It’s budget season. As the current fiscal year comes to a close, business leaders everywhere will convene to discuss business strategy, opportunities and return on investment (ROI) while prioritizing next year’s budget spend. Amidst the planning and prioritization, it is a safe bet that IT organizations will renew their annual request for an increased budget allocation for security. After all, increasing cybersecurity spend will stop the attackers from compromising their infrastructure next year, right?

Cybersecurity Ventures recently predicted that global cybersecurity spending will increase steadily to exceed $1 trillion from 2017 to 2021. But the news site also claimed that the cost of cybercrime around the world will rise to $6 trillion annually by 2021. Something seems wrong with any prediction that correlates increased spending on prevention with increased damages from successful penetration of those same defenses. That’s not because I disbelieve the numbers but because they show how truly broken the legacy approach to cybersecurity is. The industry has literally gone decades with no real improvement. How is this acceptable?

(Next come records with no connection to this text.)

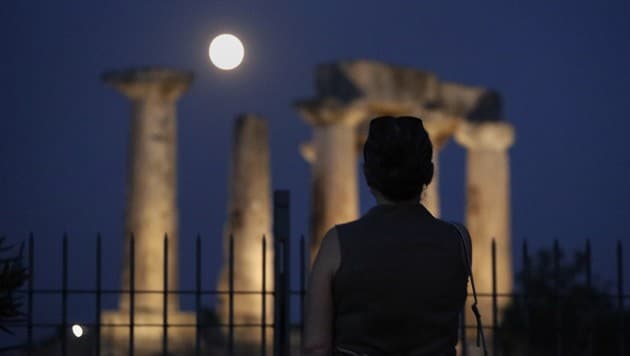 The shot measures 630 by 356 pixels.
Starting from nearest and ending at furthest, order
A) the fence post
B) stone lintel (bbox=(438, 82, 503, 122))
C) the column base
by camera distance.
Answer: the fence post, the column base, stone lintel (bbox=(438, 82, 503, 122))

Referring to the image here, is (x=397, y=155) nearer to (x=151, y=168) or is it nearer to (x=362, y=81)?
(x=362, y=81)

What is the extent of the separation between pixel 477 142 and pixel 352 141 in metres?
3.88

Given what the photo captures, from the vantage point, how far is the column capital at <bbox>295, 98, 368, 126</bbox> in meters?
29.4

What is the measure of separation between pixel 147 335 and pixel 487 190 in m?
9.61

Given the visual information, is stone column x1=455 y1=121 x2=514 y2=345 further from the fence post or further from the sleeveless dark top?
the sleeveless dark top

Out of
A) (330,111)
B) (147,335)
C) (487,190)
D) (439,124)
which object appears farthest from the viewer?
(487,190)

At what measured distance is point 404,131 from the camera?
13.1ft

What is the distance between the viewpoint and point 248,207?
32.7 meters

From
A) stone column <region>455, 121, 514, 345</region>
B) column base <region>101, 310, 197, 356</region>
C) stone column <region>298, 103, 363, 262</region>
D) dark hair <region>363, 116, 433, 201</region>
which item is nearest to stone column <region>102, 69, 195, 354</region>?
column base <region>101, 310, 197, 356</region>

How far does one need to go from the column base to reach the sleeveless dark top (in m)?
22.2

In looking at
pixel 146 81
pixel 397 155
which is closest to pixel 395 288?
pixel 397 155

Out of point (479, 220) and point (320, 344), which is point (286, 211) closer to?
point (320, 344)

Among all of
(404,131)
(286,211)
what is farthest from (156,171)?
(404,131)

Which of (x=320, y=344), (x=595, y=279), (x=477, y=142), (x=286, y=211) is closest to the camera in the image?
(x=320, y=344) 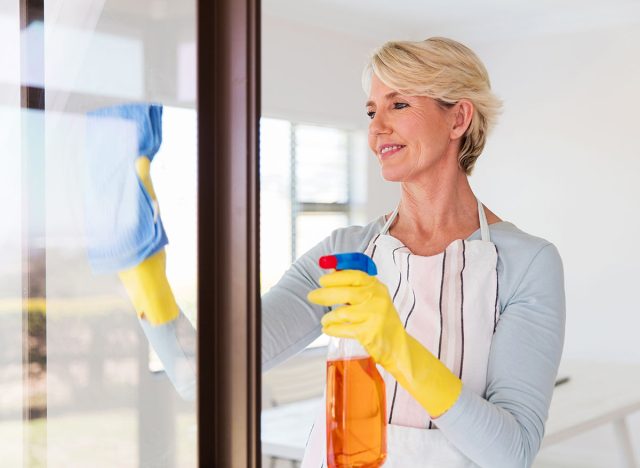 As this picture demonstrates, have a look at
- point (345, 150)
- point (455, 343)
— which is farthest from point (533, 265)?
point (345, 150)

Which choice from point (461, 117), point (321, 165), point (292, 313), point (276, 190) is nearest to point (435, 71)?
point (461, 117)

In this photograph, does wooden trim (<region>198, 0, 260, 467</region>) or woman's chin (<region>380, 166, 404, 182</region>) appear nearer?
wooden trim (<region>198, 0, 260, 467</region>)

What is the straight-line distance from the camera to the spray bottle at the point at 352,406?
57cm

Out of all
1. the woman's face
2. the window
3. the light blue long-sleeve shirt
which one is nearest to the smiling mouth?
the woman's face

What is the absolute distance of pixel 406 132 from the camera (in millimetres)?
736

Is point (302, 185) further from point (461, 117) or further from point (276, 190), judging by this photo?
point (461, 117)

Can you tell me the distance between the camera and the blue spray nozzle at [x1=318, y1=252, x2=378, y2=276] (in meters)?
0.53

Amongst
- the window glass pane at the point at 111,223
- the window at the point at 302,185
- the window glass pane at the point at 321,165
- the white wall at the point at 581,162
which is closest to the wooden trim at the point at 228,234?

It is time we shined a light on the industry’s worst kept secret: Throwing more money at the problem simply does not keep attackers out or breaches from happening. It is a good bet both things will continue to happen. What’s more disconcerting to consider is that they have already happened and you just simply don’t know it yet.

Why The Math Doesn’t Add Up

The problem isn’t solely centered on technology, there have been many significant innovations in the cybersecurity industry in recent years. For many companies, the elephant in the room is treating security as only a technology problem. Just look at Facebook’s current situation. Modern-day CISOs have increasingly found themselves helpless to effect real change to secure an organization’s data and infrastructure because they lack the insight of the conditions that give rise to bad or risky behavior.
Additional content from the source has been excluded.